The Monetary Authority of Singapore (MAS) has announced new measures aimed at improving investor protection and market integrity in the cryptocurrency industry. The new requirements, to be implemented by the end of the year, mandate that crypto service providers hold customer assets in a statutory trust. This measure is intended to mitigate the risk of asset loss or misuse and facilitate asset recovery in the event of a provider’s insolvency.
The MAS conducted a public consultation on regulatory measures to reduce risks in crypto trading, which garnered significant interest from various stakeholders. In response to the consultation, the majority of respondents agreed that digital payment token service providers (DPTSPs) should be allowed to deposit user assets in the same trust account as other users’ assets. However, a few respondents disagreed, suggesting that each customer’s assets should be segregated in separate blockchain addresses to enhance transparency.

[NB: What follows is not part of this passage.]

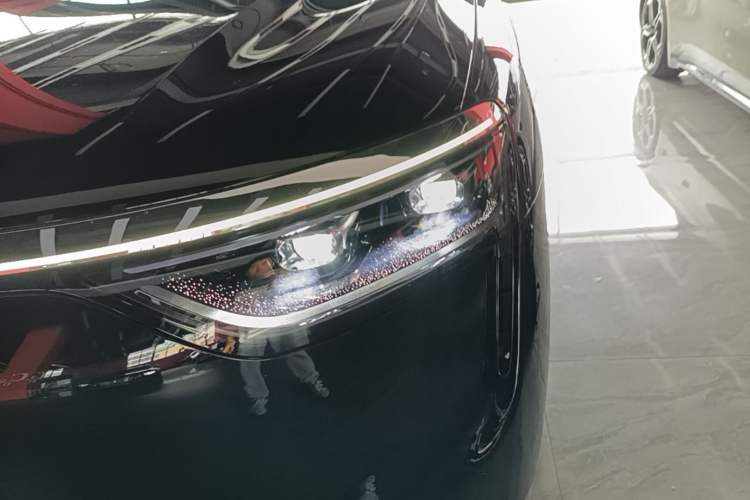 Used Hima AITO M8 2025 Extended-Range Max+ Version 53.4 kWh 6-Seater Edition Left Front Headlight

Alongside custody requirements, crypto companies are also required to perform daily reconciliation of customer assets, maintain proper books and records, and ensure that the custody function is operationally independent from other business units. The MAS is also considering a proposal to restrict crypto service providers from facilitating lending or staking of retail customers’ digital payment tokens (DPTs). However, for institutional and accredited investors, such activities may continue with appropriate risk disclosures.

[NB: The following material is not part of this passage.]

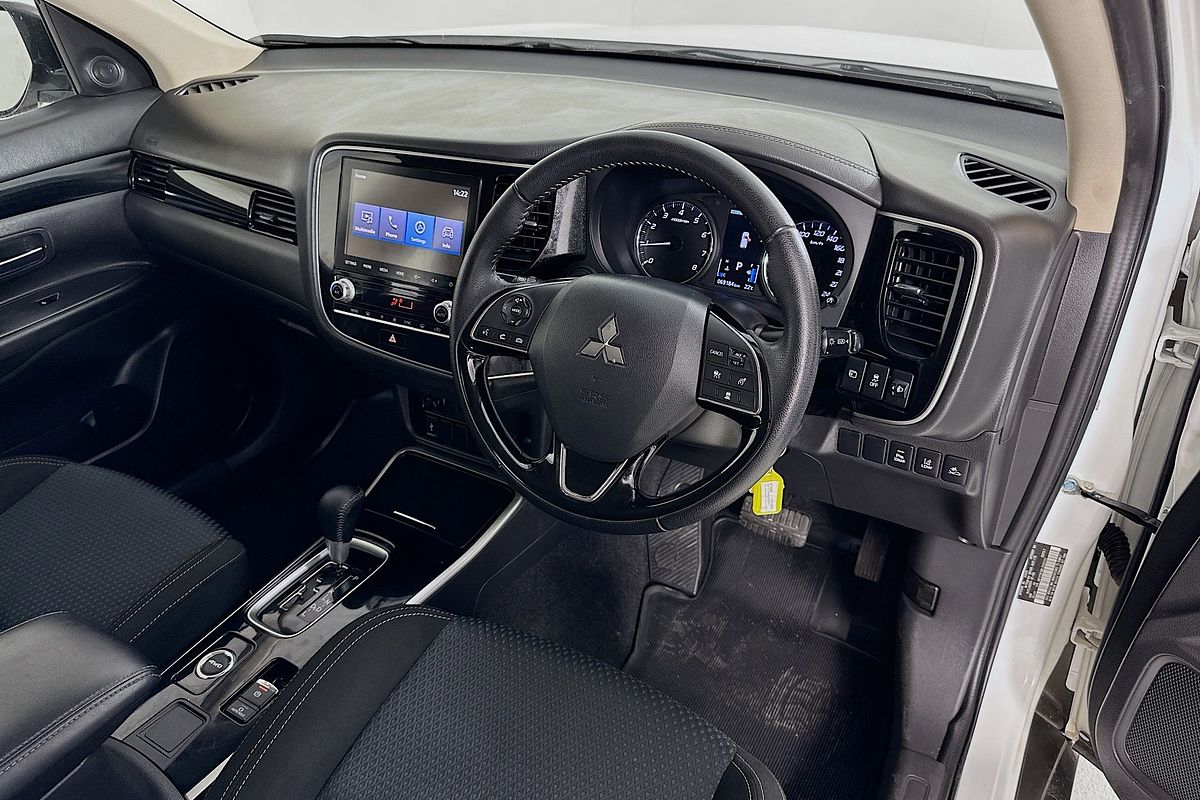 2021 Mitsubishi OUTLANDER ES ZL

The MAS acknowledges that market developments and consumer risk awareness will be monitored, and measures will be adjusted accordingly to maintain a balanced and appropriate regulatory environment.
These regulatory developments in Singapore are aimed at addressing incidents like the FTX implosion, which resulted in customer losses, as well as the crypto lending crisis that affected local firms during the bear market, leading to bankruptcies.